**Task requirements**
Return all of the data exactly, omitting any images.
*** Given data ***
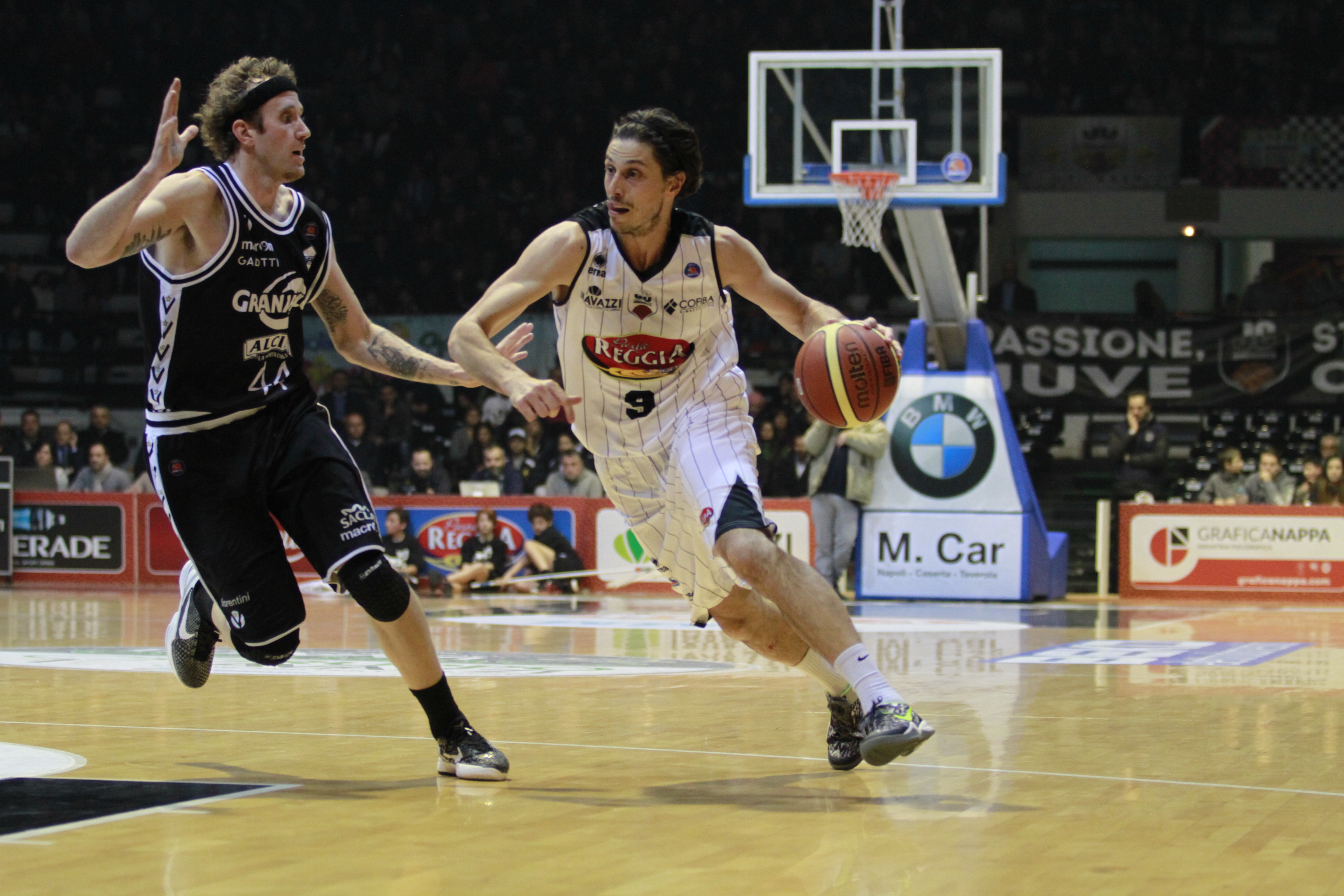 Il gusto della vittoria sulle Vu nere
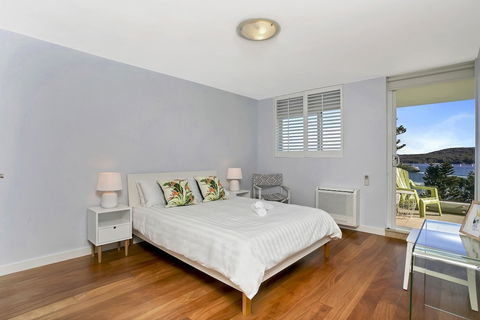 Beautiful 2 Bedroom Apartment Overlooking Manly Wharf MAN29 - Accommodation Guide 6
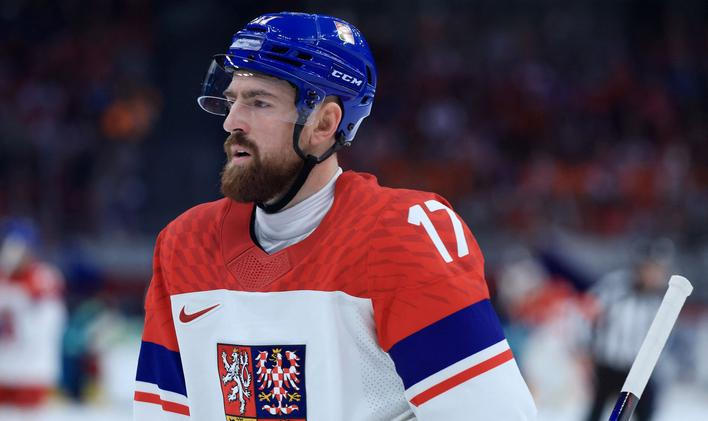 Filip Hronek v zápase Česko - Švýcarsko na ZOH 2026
*** End of Given data ***
**Solution for this exercise**
 Il gusto della vittoria sulle Vu nere
 Beautiful 2 Bedroom Apartment Overlooking Manly Wharf MAN29 - Accommodation Guide 6
 Filip Hronek v zápase Česko - Švýcarsko na ZOH 2026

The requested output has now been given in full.